Saturday, September 28, 2024

Martin Van Buren and The Erie Canal

This happened Saturday, September, 28.

First off, I don’t think President Van Buren had anything to do with the Erie Canal, but both are in the Albany area, thence the title.


There is a wedding party staying in this hotel. The ceremony and the reception will occur across the street, but preparations have been going on here all day and many many of the guests are here. I talk about this because when I took the elevator downstairs for breakfast this morning, the elevator opened and three young ladies exploded into the elevator, almost knocking me down! Granted, it’s not a bad way to die, but I swear there’s 20 bridesmaids getting their hair done!

After breakfast, I drove to Kinderhook, a short distance from Troy to the post-presidency home of Martin Van Buren. The only two things I knew about Van Buren prior to the tour was that English was his second language (Dutch was his first), and he was known derisively in Washington and politics as The Little Magician. He was from Kinderhook, but did not move into that particular house until after his presidency.     Very nice tour. Van Buren was one of Jackson’s vice presidents; his wife had died long before he became president and his 20 year year-old daughter-in-law took on the duties of the first lady. Far away the youngest first lady.  Van Buren had slaves (I should say enslaved people) until New York State ruled this out and so his house was served by about a half dozen Irish teenage girls. The guide got a kick out of showing us the bell system that I have seen in a few other houses. There was a lever in each room that the family could pull, and a bell rang down in the servants quarters in the basement. Much of the house is reproduction or from the same time-period. The wallpaper in the main room of the house is original and is worth the visit. It took 55 pieces of wallpaper and the French company that manufactured it is still in business . 
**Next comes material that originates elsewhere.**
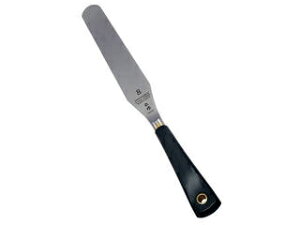 TOMITA �x�c�n�� �yNiSAKU/�m��z�b���p���b�g�i�C�t�@8�C���`�@No.2008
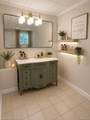 5484 Wakefield Road - Photo 45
Van Buren supported President Jackson’s Indian removal policies and in fact carried out many more of them himself. The Trail of Tears, I believe, actually happened on Van Buren‘s watch.  Van Buren only had an eighth grade education, but was apprenticed to a lawyer and became a very successful lawyer himself.
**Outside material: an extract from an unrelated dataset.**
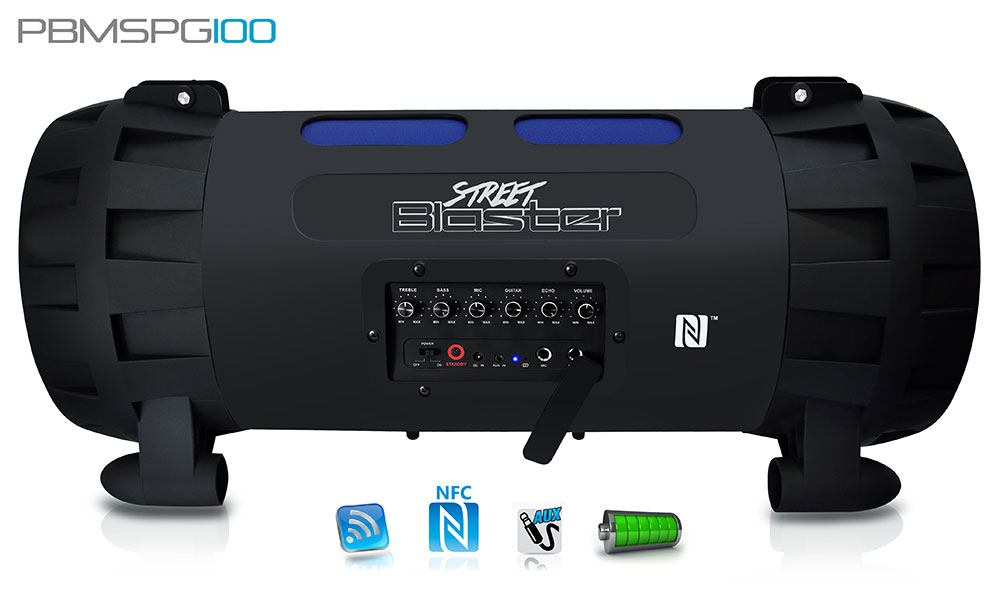 Additional product image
It was warm today, so I went back to the hotel and got out of my blue jeans and went for something much cooler for the rest of the day. I have always been curious about the Erie Canal, whose eastern end is by Albany.   My tiny map on this iPhone was no help so I pretty much just started crisscrossing the area looking for the part of the canal that I wanted to see. Soon enough I come upon the Mohawk river and a 35 foot sailboat, cruising towards the eastern end of the canal. I set off to find it entering Canal Lock Six. As I watched it slowly dropping elevation in the lock I struck up a conversation with Leroy, the guy working the lock, and soon enough, it was time to open the other lock gate.    He motioned to me to come over to the control house and he pointed to the button and I, Dan Nagel, with great fanfare and bluster, opened a lock gate on the Erie canal! I followed the sailboat to the next lock and learned that there is still some commercial traffic on the canal in the form of barges.




For dinner I had a flight of four little craft beers and a Ruben made from grilled haddock! Very tasty and satisfying.

Tomorrow, I am going to try to go to Cooperstown on pilgrimage to the baseball Hall of Fame.